## YOUR OBJECTIVE
Take the entries that follow and return exactly the lines from the one holding "2004 Glastron 279 cruiser" through the one holding "Charming With An", both included. Nothing else is needed.

## EXTRACTED INFORMATION

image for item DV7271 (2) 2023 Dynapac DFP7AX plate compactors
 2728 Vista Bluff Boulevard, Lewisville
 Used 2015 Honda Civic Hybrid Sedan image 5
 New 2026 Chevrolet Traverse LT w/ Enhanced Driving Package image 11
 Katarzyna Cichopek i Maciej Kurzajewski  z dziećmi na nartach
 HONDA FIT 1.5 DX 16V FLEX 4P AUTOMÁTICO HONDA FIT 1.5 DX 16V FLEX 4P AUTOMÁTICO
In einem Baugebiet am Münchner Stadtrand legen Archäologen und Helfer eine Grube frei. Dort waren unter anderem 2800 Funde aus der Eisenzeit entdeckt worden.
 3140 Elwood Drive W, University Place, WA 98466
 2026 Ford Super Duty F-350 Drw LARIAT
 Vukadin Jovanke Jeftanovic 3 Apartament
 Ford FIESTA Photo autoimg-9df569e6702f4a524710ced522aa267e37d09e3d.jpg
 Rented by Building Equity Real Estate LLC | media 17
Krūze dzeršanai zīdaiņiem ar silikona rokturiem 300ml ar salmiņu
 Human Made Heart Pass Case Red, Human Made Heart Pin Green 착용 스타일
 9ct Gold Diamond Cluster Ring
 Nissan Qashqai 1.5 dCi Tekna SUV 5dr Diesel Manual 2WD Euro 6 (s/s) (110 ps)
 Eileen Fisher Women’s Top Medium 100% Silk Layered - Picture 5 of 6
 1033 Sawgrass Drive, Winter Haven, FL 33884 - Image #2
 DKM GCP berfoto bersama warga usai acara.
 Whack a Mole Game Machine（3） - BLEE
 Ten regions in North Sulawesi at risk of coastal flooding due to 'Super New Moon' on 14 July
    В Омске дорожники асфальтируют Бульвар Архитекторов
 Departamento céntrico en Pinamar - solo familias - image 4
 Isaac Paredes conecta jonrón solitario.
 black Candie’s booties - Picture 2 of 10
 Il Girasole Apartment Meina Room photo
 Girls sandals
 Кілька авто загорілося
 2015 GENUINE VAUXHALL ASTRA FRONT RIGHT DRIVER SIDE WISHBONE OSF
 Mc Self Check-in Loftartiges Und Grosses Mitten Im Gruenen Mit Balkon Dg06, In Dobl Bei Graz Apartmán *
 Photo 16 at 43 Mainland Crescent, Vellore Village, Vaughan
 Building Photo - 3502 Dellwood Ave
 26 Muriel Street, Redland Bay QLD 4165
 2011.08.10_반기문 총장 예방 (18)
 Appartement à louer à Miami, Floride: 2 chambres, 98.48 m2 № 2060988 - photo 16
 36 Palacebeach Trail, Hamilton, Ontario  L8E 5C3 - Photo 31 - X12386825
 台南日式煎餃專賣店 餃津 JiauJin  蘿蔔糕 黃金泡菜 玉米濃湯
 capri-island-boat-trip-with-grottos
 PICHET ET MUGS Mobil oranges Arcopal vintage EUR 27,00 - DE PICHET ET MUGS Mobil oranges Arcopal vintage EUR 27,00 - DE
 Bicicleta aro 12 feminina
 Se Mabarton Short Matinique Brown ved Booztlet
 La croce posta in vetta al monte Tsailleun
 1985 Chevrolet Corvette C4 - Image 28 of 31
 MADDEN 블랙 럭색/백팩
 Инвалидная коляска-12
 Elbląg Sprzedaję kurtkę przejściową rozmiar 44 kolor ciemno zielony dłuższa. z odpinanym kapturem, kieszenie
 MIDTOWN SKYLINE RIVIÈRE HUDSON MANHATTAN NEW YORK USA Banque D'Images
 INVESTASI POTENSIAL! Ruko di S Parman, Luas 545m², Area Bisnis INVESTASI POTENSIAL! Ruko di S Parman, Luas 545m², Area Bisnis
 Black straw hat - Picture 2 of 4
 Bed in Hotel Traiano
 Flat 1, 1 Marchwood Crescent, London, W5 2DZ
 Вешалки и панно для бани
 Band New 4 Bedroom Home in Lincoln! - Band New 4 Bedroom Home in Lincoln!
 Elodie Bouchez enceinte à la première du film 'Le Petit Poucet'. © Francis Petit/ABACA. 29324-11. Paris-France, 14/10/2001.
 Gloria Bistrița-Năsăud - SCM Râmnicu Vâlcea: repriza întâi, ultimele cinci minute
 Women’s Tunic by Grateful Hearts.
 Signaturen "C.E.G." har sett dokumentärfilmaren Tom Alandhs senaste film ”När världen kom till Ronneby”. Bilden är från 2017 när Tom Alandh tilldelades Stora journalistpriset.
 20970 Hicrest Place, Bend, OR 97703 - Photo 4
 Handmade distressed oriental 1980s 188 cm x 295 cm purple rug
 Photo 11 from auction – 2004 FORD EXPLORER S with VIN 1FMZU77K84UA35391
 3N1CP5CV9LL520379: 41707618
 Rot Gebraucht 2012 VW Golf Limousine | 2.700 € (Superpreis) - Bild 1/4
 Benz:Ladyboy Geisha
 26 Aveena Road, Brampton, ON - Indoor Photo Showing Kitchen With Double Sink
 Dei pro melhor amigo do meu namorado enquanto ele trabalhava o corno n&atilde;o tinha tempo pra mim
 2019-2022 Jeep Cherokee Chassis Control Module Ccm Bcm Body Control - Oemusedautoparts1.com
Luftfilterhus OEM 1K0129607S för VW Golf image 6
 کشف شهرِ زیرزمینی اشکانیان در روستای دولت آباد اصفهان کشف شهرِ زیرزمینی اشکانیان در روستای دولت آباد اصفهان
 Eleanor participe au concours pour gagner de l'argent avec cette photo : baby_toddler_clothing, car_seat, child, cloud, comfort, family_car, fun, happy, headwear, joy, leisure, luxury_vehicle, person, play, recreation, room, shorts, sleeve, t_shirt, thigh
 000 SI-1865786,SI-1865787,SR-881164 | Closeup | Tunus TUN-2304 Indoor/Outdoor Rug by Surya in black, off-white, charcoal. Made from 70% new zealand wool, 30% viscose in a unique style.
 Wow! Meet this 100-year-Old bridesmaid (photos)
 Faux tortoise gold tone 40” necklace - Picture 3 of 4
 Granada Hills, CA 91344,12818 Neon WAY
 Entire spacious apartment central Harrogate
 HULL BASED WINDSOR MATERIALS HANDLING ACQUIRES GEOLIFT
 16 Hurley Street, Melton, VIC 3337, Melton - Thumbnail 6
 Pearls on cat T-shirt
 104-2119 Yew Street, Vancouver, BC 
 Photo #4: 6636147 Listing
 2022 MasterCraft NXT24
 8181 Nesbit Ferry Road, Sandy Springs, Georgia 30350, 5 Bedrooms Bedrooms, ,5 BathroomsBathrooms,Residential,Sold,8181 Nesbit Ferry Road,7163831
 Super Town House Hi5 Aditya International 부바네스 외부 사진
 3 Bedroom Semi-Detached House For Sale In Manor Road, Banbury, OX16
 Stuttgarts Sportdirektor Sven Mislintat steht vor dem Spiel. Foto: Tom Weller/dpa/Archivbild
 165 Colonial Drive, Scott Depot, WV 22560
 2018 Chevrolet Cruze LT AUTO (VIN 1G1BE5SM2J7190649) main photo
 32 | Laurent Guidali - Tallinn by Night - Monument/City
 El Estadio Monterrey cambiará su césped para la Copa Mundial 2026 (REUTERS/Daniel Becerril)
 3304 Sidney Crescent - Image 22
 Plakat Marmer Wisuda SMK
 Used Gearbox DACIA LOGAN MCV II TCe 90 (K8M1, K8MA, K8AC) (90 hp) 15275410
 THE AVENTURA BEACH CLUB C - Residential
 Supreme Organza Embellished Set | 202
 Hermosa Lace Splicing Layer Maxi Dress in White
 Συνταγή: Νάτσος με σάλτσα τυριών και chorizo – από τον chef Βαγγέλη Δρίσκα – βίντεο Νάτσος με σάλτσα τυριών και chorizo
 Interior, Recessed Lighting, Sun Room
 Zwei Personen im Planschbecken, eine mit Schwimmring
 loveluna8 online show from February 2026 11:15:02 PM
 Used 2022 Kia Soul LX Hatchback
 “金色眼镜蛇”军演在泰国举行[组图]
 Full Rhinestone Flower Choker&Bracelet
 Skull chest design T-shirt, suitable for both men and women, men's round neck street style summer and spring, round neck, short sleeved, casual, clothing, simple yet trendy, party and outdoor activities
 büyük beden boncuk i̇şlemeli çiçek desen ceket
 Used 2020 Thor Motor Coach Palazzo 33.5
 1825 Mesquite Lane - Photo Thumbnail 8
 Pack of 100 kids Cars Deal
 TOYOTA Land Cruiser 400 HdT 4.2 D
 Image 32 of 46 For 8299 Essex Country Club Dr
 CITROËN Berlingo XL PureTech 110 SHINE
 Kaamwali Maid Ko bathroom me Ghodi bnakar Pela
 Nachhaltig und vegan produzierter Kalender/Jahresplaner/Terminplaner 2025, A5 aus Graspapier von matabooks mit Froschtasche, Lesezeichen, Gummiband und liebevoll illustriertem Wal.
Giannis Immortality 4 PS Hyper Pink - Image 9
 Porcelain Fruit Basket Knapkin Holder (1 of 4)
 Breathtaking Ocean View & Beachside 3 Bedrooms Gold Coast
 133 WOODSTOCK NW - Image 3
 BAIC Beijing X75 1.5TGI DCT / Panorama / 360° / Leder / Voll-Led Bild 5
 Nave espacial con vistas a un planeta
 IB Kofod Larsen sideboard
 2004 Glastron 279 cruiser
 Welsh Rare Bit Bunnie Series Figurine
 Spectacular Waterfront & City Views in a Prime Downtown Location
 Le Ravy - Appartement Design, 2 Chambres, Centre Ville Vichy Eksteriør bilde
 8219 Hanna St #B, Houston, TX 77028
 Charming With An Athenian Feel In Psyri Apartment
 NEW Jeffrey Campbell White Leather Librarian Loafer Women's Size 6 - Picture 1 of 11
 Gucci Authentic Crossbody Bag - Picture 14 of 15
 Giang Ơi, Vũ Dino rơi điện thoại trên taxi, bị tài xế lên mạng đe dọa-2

## WRITTEN SOLUTION
 2004 Glastron 279 cruiser
 Welsh Rare Bit Bunnie Series Figurine
 Spectacular Waterfront & City Views in a Prime Downtown Location
 Le Ravy - Appartement Design, 2 Chambres, Centre Ville Vichy Eksteriør bilde
 8219 Hanna St #B, Houston, TX 77028
 Charming With An Athenian Feel In Psyri Apartment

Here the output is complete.